Neredeyse tüm dünyadan barış, edebiyat ve insan hakları ödülleri alıyorsun. Sence bu ödül törenlerine katılamaman Türkiye’nin yurtdışındaki imajını nasıl etkiliyor?
Çok derin izler bırakıyor. Hatta, bu ödülleri de olduğundan daha fazla önemsetiyor. Çünkü ödül töreni hakkında 2-3 yazı çıkacaksa, “Yurtdışı yasağı var, gelemiyor, davası şu durumda, şu kadar içeride yattı!” diye haberler çok daha uzun çıkıyor. Dünya basınında epeyce yer tutuyorum yani. Hakkımda bu son dönemde 100’ün üstünde röportaj çıktı. Şöyle bir çelişki var. Milliyetçi ülkeler ilk önce, kendi yazarlarını korurlar ve saygı duyarlar.

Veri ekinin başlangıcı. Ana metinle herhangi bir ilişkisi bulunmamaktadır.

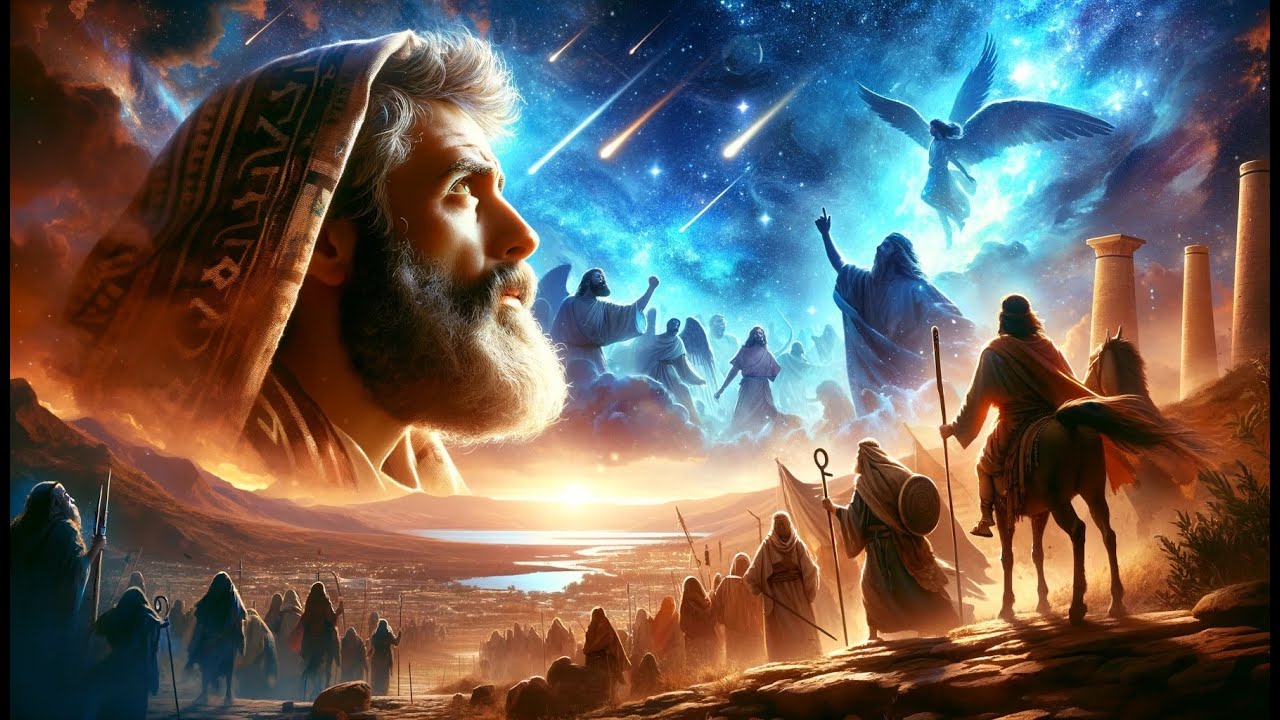 The Man Who Lost Everything But Still Trusted God | Biblical Story ...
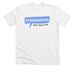 Hope for the Humanities, a Solid White Blend Premium Unisex Tee
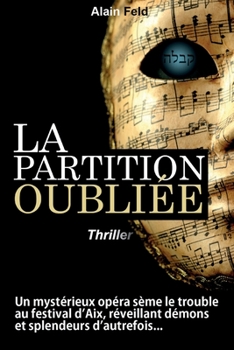 Paperback La partition oubliee [French] Book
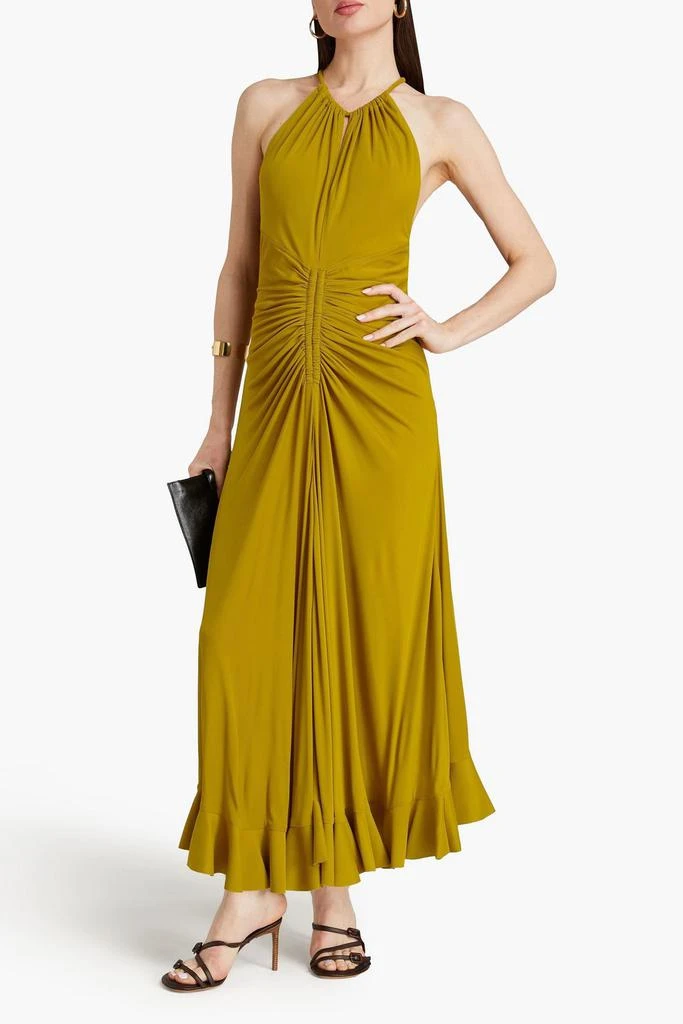 Shop Cutout ruched jersey maxi dress on Sale at BeyondStyle Get Lowest price in three month Cutout ruched jersey maxi dress with Limited-Time Flash Deals, Exclusive Discounts, and Special Offers. Enjoy Shop Cutout ruched jersey maxi dress on Sale at BeyondStyle Get Lowest price in three month Cutout ruched jersey maxi dress with Limited-Time Flash Deals, Exclusive Discounts, and Special Offers. Enjoy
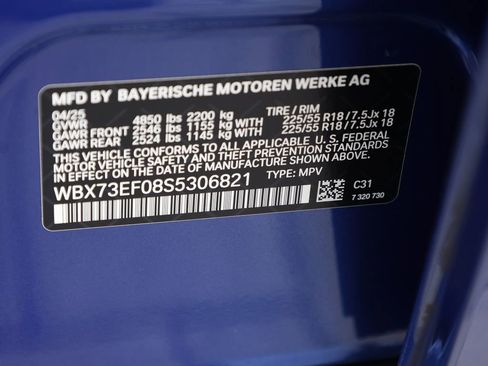 Used 2025 BMW X1 xDrive28i AWD/4WD image 41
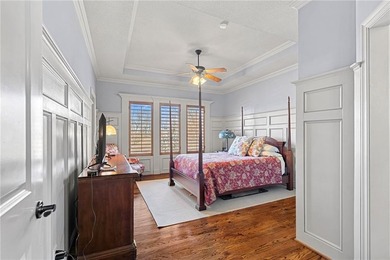 This maintenance-provided ranch villa in The Links at Cedar on Shadow Glen Golf Club in Kansas - for sale on GolfHomes.com, golf home, golf lot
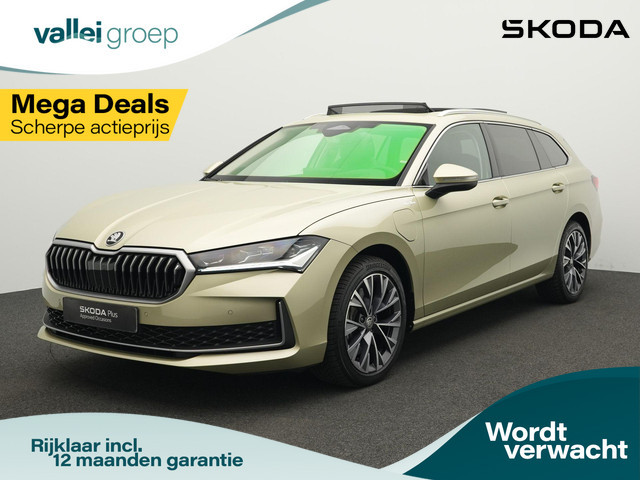 Skoda Superb 2024 Hybride
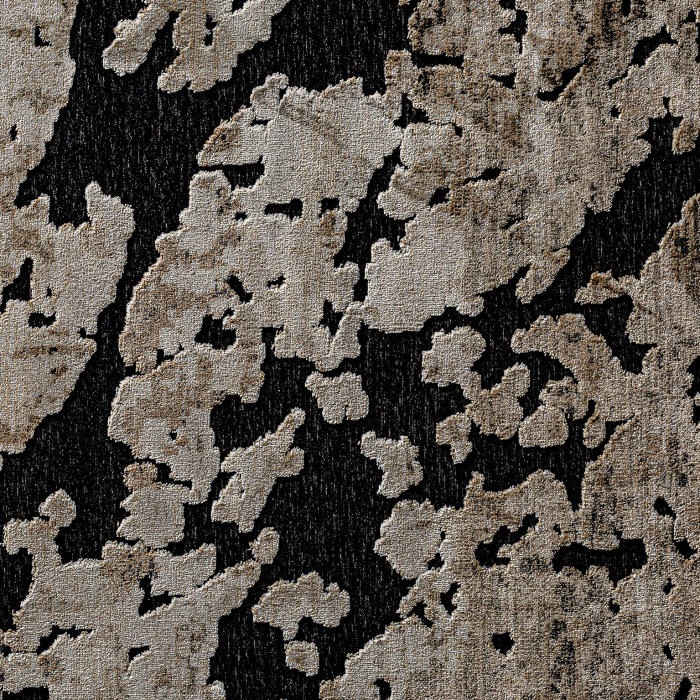 Covor negru chenille|Covoare coloniale [3]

Türkiye de milliyetçi bir ülke olduğunu iddia ediyor. Ama bugüne kadar geçmişte yüzlerce yazarını hapsetmiş durumda. Aziz Nesin’inden Nâzım Hikmet’ine, Atilla İlhan’ından Yaşar Kemal’ine kadar aklınıza gelebilecek daha pek çok yazarını içeri atmış. Son dönemlerde bu furya yeniden hortladı. Niye yazarına bu kadar hınç duyuyor bu ülke? Baktım da 70 yıldır Avrupa’da hiçbir kadın yazar, benimki kadar ağır bir ceza istemiyle yargılanmamış. Devletin birlik ve bütünlüğünü bozmak gibi ağır bir maddeden yargılanıyorum.